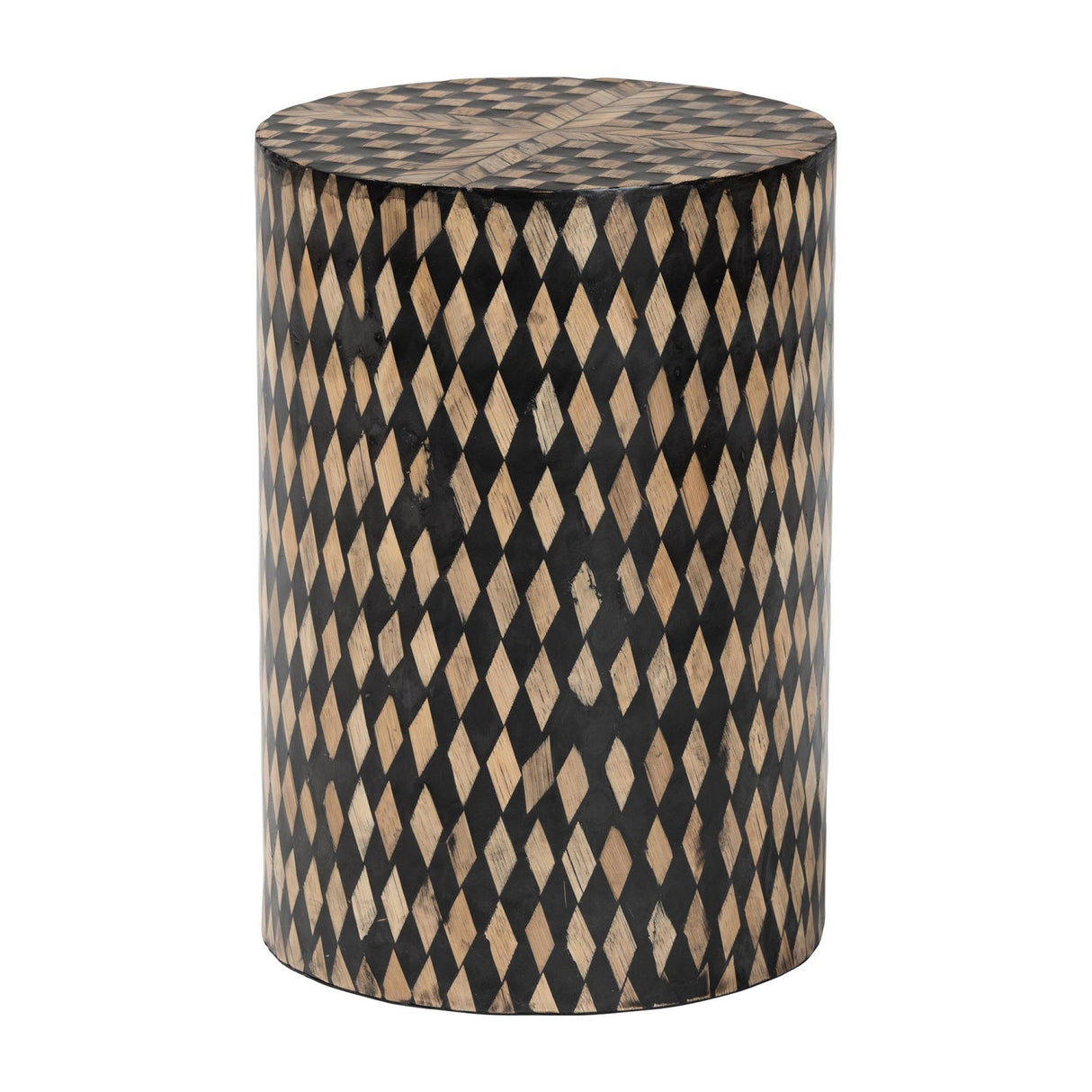   Modern European furniture - Diamond Pattern Bamboo End Table - www.oroa.com | Oroa.com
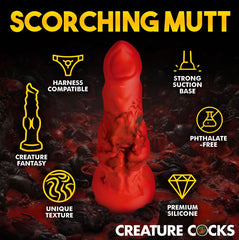 Creature Cocks Fire Hound dildo, view 2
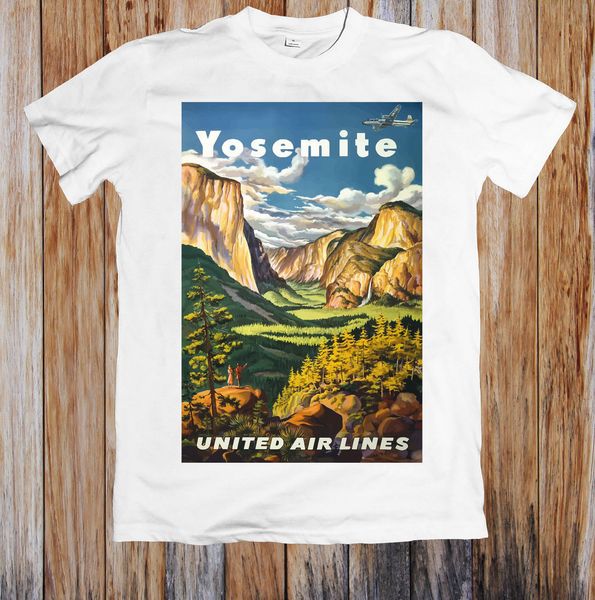 

vintage travel poster yosemite national park america t shirt funny t shirt harajuku summer 2018 tshirt sport hooded sweatshirt hoodie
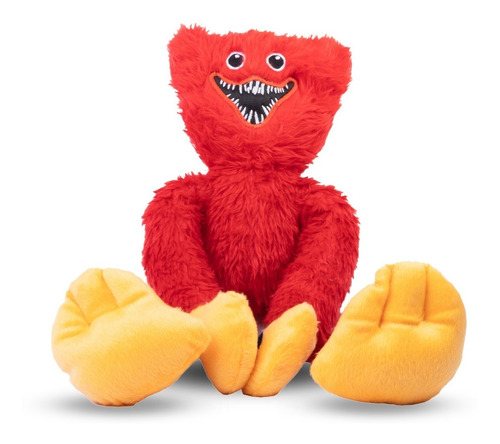 Imagem 4 de 4 de Huggy Wuggy Poppy Playtime 40cm Bordado Boneco Pelúcia Jogo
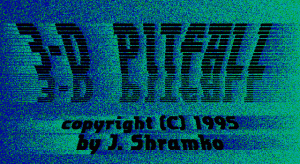 3D Pitfall per PC MS-DOS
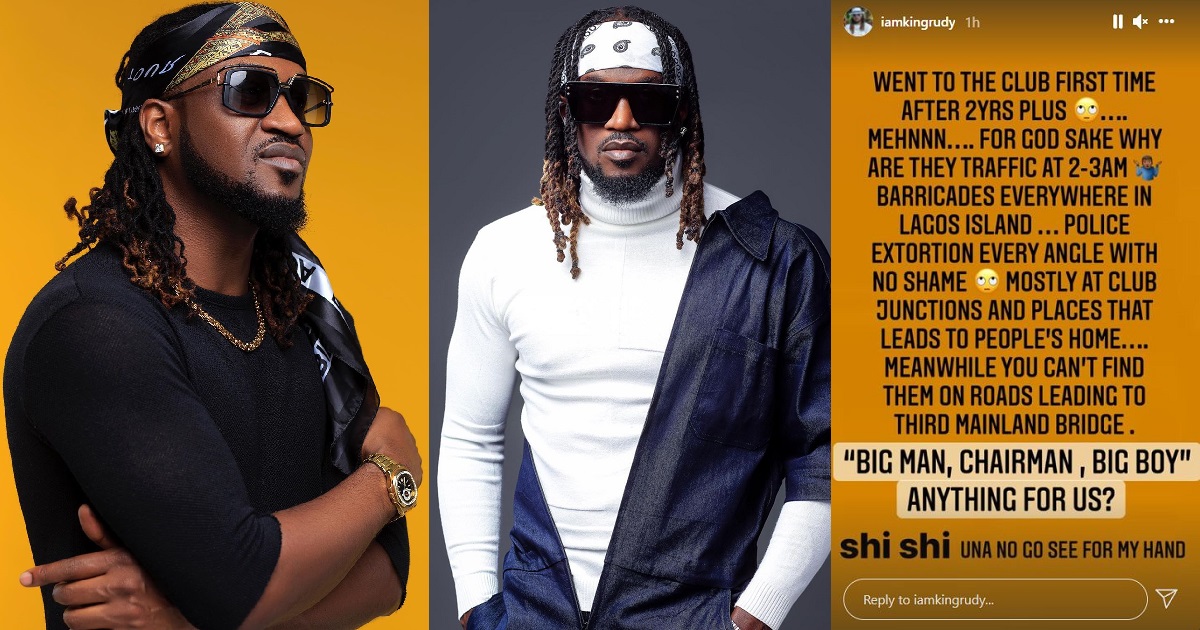 Singer, Paul Okoye shares his encounter with the police in Lagos
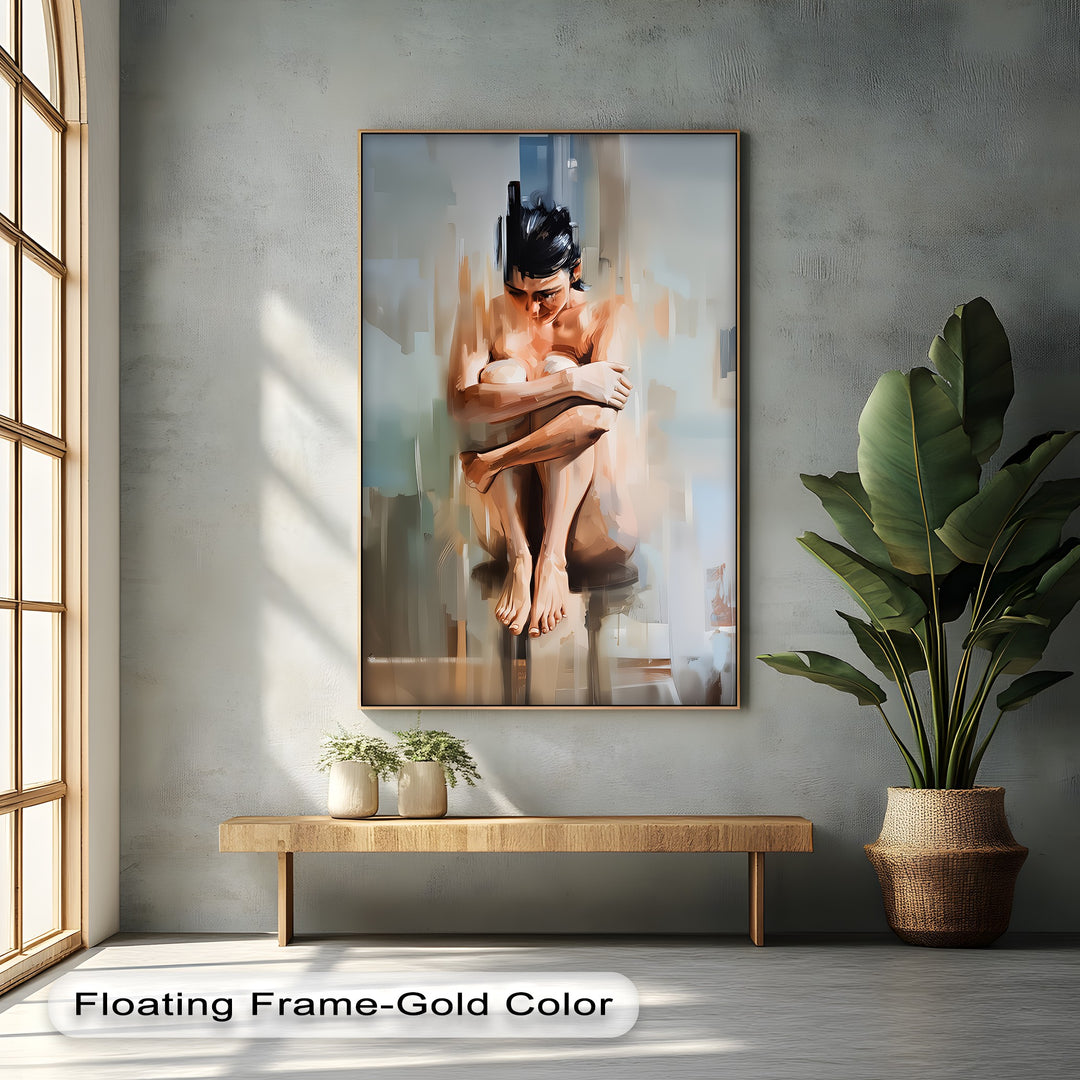 Solitude – Sensual Erotic Canvas Wall Art | Framed Canvas Artwork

+++++

ASSIGNED TASK
The whole listing above must be returned exactly as written, with no pictures carried over.

ANSWER BOX
   Modern European furniture - Diamond Pattern Bamboo End Table - www.oroa.com | Oroa.com
 Creature Cocks Fire Hound dildo, view 2

vintage travel poster yosemite national park america t shirt funny t shirt harajuku summer 2018 tshirt sport hooded sweatshirt hoodie
 Imagem 4 de 4 de Huggy Wuggy Poppy Playtime 40cm Bordado Boneco Pelúcia Jogo
 3D Pitfall per PC MS-DOS
 Singer, Paul Okoye shares his encounter with the police in Lagos
 Solitude – Sensual Erotic Canvas Wall Art | Framed Canvas Artwork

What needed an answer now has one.